McKellar was born on 13 August 1930 in Orange to Rupert McKellar, a commercial traveller, and Winifred née Lehman.[1] [2] He grew up with his sister Margaret and brother Clive in Waverley.[2] McKellar was educated at St Charles School and Waverley College – run by the Christian Brothers.[1] [2] At the same school were two of his neighbours, Jerry Donovan and Lance Mulcahy and when McKellar attended Sydney Teachers College, Donovan and Mulcahy were enrolled at the adjacent Sydney University.[1] [2] McKellar worked as a teacher before returning to Sydney to become a full-time writer.[1] The trio collaborated for university productions of musicals, with McKellar writing lyrics.[2]

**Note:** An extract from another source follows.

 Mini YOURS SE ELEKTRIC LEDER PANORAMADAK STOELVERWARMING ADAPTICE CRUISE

On 12 February 1953, McKellar, Donovan and Mulcahy wrote and/or performed a musical revue, Metropolitan Merry-Go-Round, for their professional debut at the Metropolitan Theatre in Kings Cross.[3] It was produced by William Orr, who subsequently established the Phillip Street Theatre which show-cased works by McKellar.[2] Further revues followed and then, in 1955, the trio travelled to the United Kingdom where they wrote sketches and material for cabarets.[2] McKellar returned to Phillip Street Theatre and became its resident writer.[2] From 1964 McKellar periodically travelled to the United States attempting to stage a Broadway production. From February to April 1965, Is Australia Really Necessary?, was staged at the Tivoli Theatre, Melbourne with McKellar providing lyrics.[4] The title provided a vernacular phrase in Australian English.[2]

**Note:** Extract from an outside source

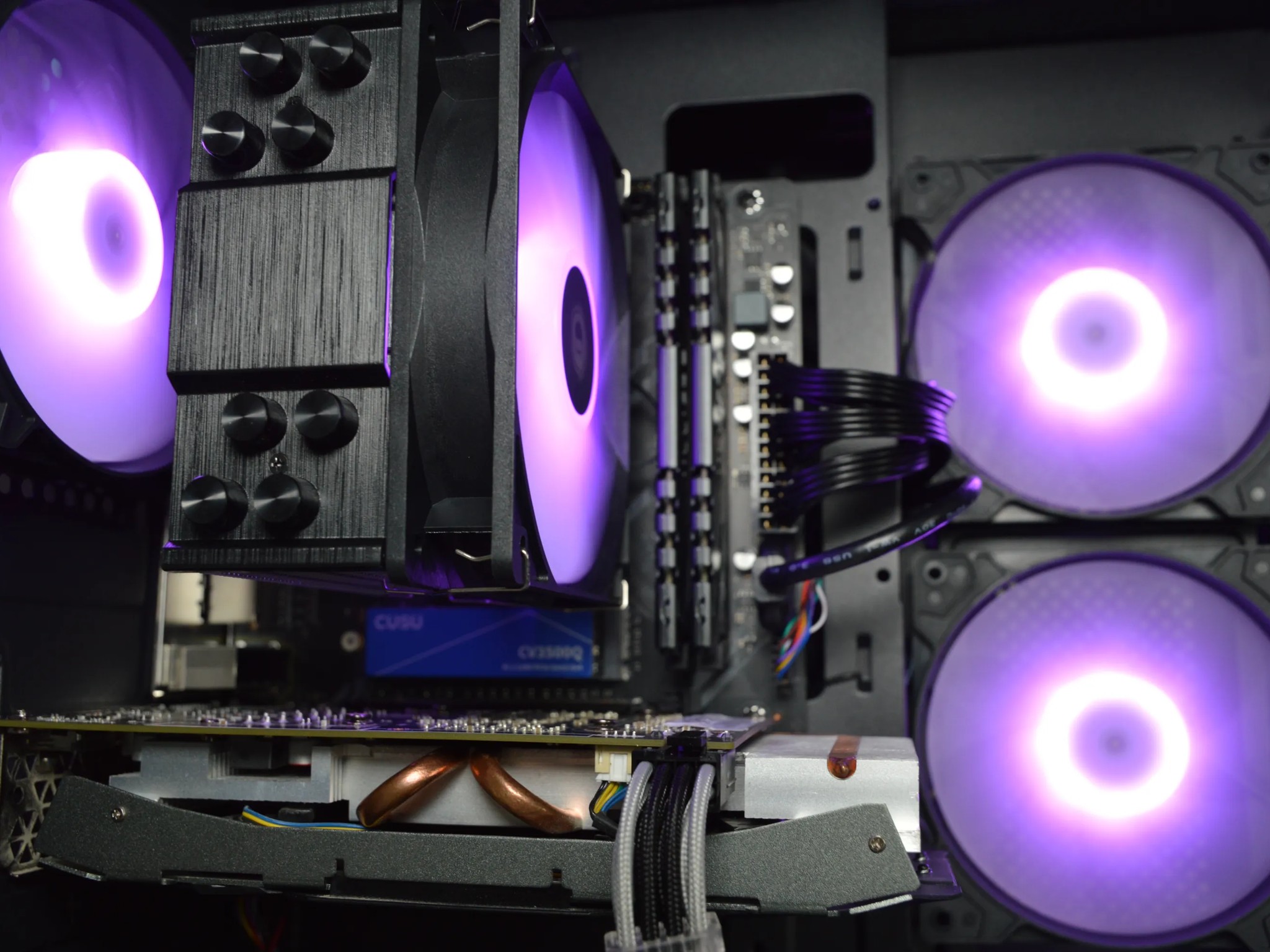 🐝🐝| GTX 1660 6GB | RYZEN 5 2600 | 16GB DDR4 RAM | 1TB NVME SSD | Bee Sting |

On 18 September 1965, his play, A Cup of Tea, a Bex and a Good Lie Down, premiered at Phillip Street Theatre and ran for more than 250 performances.[5] [6] [7] The cast included John Ewart,[5] Gloria Dawn,[8] Ruth Cracknell and Reg Livermore.[9] [10] McKellar's play popularised the phrase, "A Cup of Tea, a Bex and a Good Lie Down", which "quickly became a common Australian saying".[11] The play is McKellar's most critically acclaimed and popularly attended work.[2] [11]
In the 1970s, he provided the slogan, "The drink you have when you're not having a drink" to advertise Claytons non-alcoholic beverages. McKellar moved to the US and became involved in antique textiles, setting up a business there for almost 20 years.[1] In 1981 McKellar reconnected with Mulcahy for a musical-comedy, Keystone, which was composed by Mulcahy with book by McKellar who also co-wrote the lyrics with Dion McGregor.[12] In January 1982 it was performed at the McCarter Theater in Princeton. The New York Times reviewer Mel Gussow found it "an intimate vest-pocket musical ... smallness leads to some novel double-teaming". Overall Gussow was disappointed as "the approach demands a much keener sense of style and of comedy than is demonstrated ... [o]n a very basic level, Keystone is just not funny enough".[12]
In 1996, McKellar returned to Australia where he wrote and directed a play, Virtual unReality, which was performed in May at the Tilbury Hotel, Woolloomooloo.[13] In December 2006, he wrote Attack of the Granny Boomers, which was performed at the Parade Theatre, Kensington.[14] McKellar died on 6 September 2010, aged 80 years.[2] [11] Most of his humour involved social satire where typical self-mockery was developed into an art form.[2]